Time Limit: 5000/2000 MS (Java/Others)    Memory Limit: 32768/32768 K (Java/Others)
Total Submission(s): 4444    Accepted Submission(s): 1420

Problem Description

Farmer John has been informed of the location of a fugitive cow and wants to catch her immediately. He starts at a point N (0 ≤ N ≤ 100,000) on a number line and the cow is at a point K (0 ≤ K ≤ 100,000) on the same number line. Farmer John has two modes of transportation: walking and teleporting.

* Walking: FJ can move from any point X to the points X - 1 or X + 1 in a single minute
* Teleporting: FJ can move from any point X to the point 2 × X in a single minute.
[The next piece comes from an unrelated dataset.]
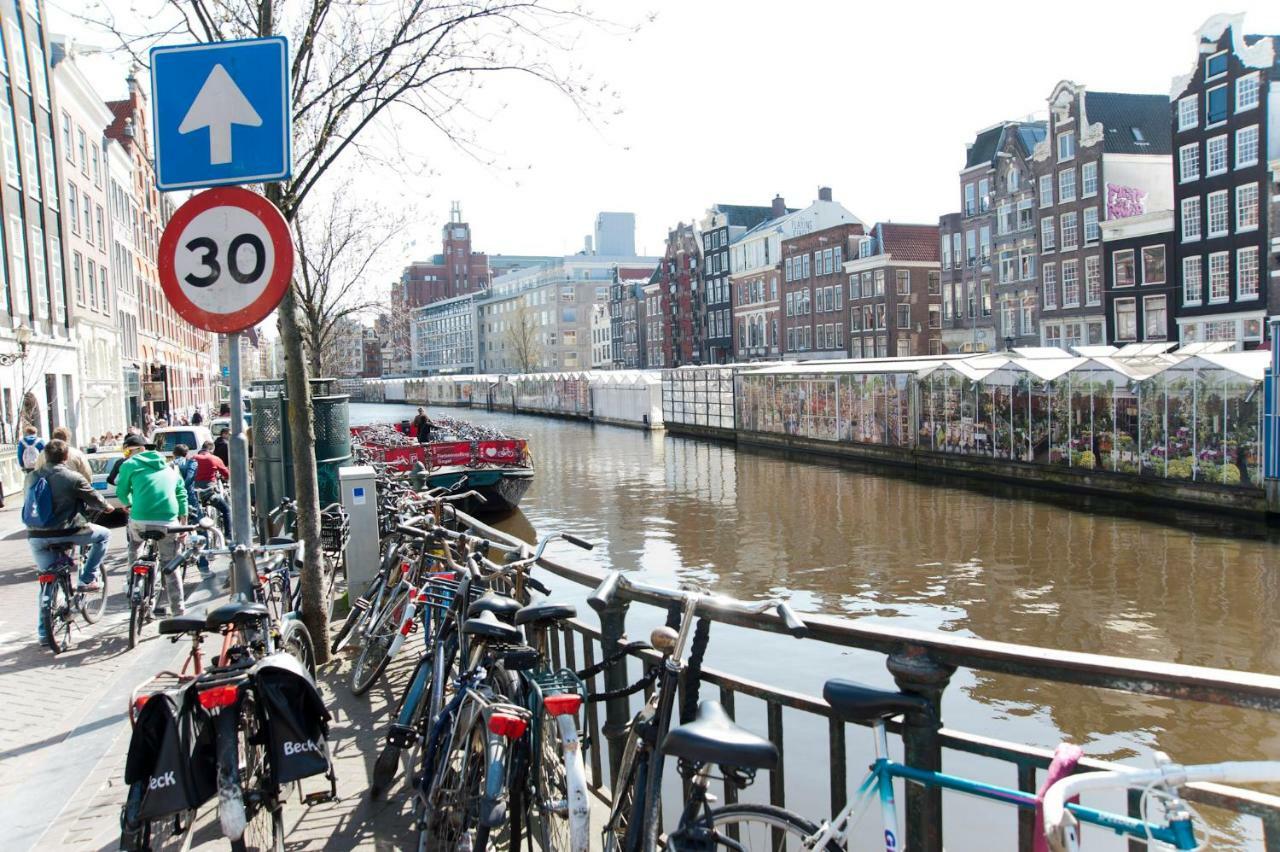 Residence Flower Market Ámsterdam Exterior foto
If the cow, unaware of its pursuit, does not move at all, how long does it take for Farmer John to retrieve it?

 

Input

Line 1: Two space-separated integers: N and K

 

Output

Line 1: The least amount of time, in minutes, it takes for Farmer John to catch the fugitive cow.

 

Sample Input

   
   
   
   

    
    
    
    5 17
   
   
   
   

 

Sample Output

   
   
   
   

    
    
    
    4

   
   
   
   

#include<iostream>

#include<queue>
#include<string.h>
using namespace std;
struct node
{
int x,times;
};
int man,cow;
bool loca[100001];
int BFS(int x)
{
queue<node>qu;
node now,next;
now.x=x;
now.times=0;
loca[x]=false;
qu.push(now);
while(!qu.empty())
{
now=qu.front();
qu.pop();


        
next.x=now.x+1;
if(next.x>=0&&next.x<=100000&&loca[next.x])
{
loca[next.x]=false;
next.times=now.times+1;
qu.push(next);
if(next.x==cow) 
return next.times;
}






next.x=now.x-1;
if(next.x>=0&&next.x<=100000&&loca[next.x])
{
loca[next.x]=false;
next.times=now.times+1;
qu.push(next);
if(next.x==cow) 
return next.times;
}


next.x=now.x*2;
if(next.x>=0&&next.x<=100000&&loca[next.x])
{
loca[next.x]=false;
next.times=now.times+1;
qu.push(next);
if(next.x==cow) 
return next.times;
}
}




}
int main()
{
while(scanf("%d%d",&man,&cow)!=EOF)
{
if(man==cow)
{puts("0"); continue;}
memset(loca,true,100001);
printf("%d\n",BFS(man));
}
}